* _Task_:
Reproduce the listing below exactly. Pictures do not belong in the copy.

* _Source material_:

__________

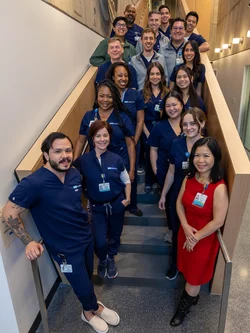 UCLA staff coming together for the sim center opening in Rosenfeld Hall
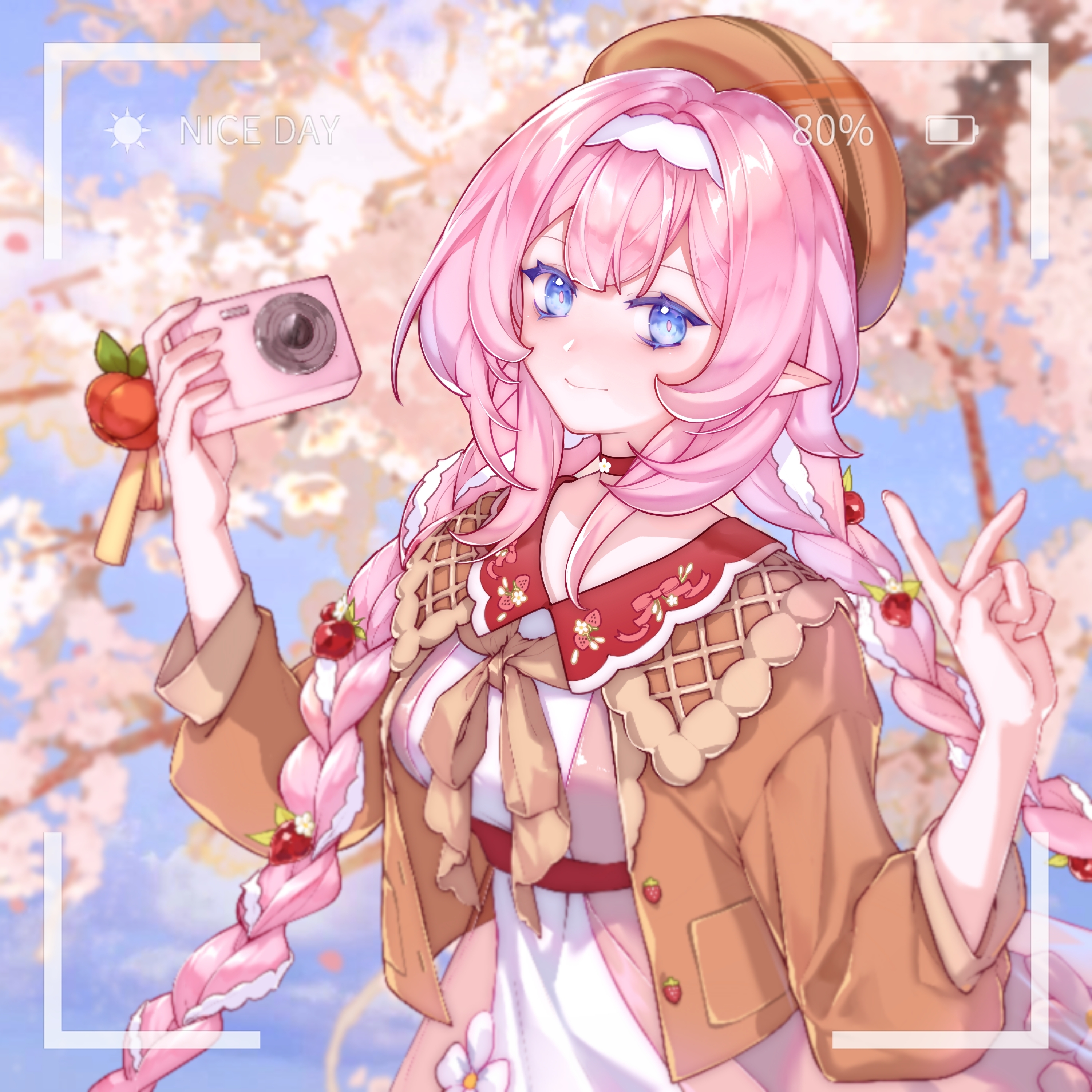 lao muyu, elysia (honkai impact), honkai (series), honkai impact 3rd, absurdres, chinese commentary, commentary request, highres, 1girl, alternate costume, battery indicator, beret, blue eyes, braid, breasts, brown jacket, camera, cherry blossoms, dress, elf, hairband, hat, holding, holding camera, jacket, large breasts, long hair, outdoors, pink dress, pink hair, pointy ears, smile, solo, twin braids, two-tone dress, upper body, v, very long hair, viewfinder, white dress, white hairband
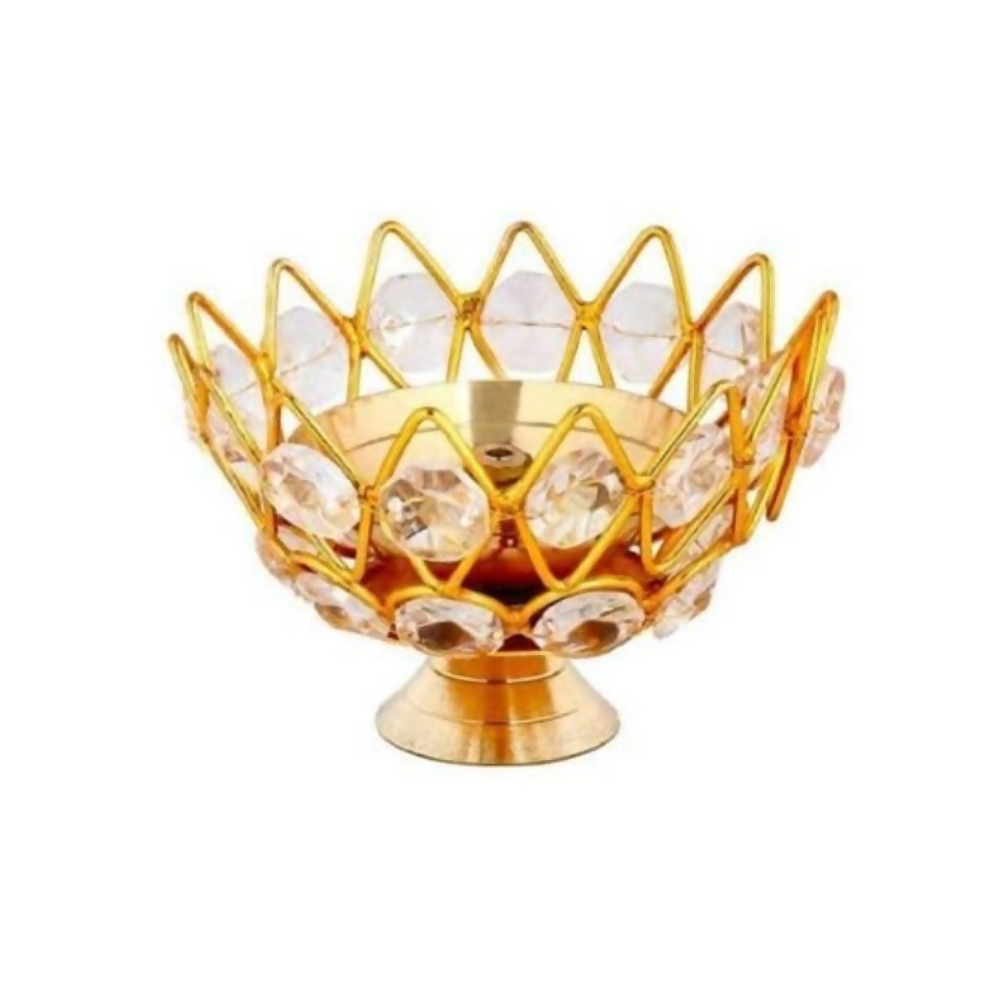 Collectible India Diwali Diya Crystal Round Akhand Diya | Grocsy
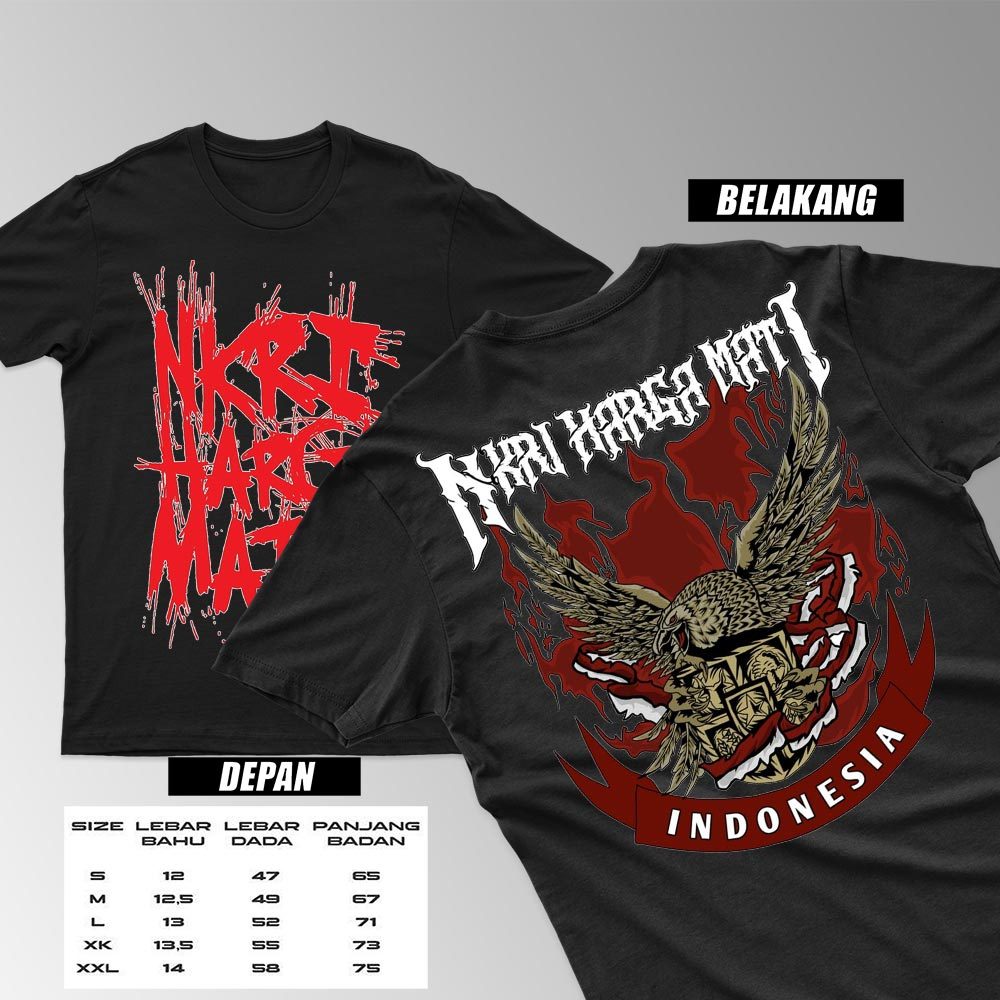 Kaos distro motif NKRI HARGA MATI terbaru Spesial 17 Agustus Tshirt Cotton combed 30s Baju pria wani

__________

* _Output_:
 UCLA staff coming together for the sim center opening in Rosenfeld Hall
 lao muyu, elysia (honkai impact), honkai (series), honkai impact 3rd, absurdres, chinese commentary, commentary request, highres, 1girl, alternate costume, battery indicator, beret, blue eyes, braid, breasts, brown jacket, camera, cherry blossoms, dress, elf, hairband, hat, holding, holding camera, jacket, large breasts, long hair, outdoors, pink dress, pink hair, pointy ears, smile, solo, twin braids, two-tone dress, upper body, v, very long hair, viewfinder, white dress, white hairband
 Collectible India Diwali Diya Crystal Round Akhand Diya | Grocsy
 Kaos distro motif NKRI HARGA MATI terbaru Spesial 17 Agustus Tshirt Cotton combed 30s Baju pria wani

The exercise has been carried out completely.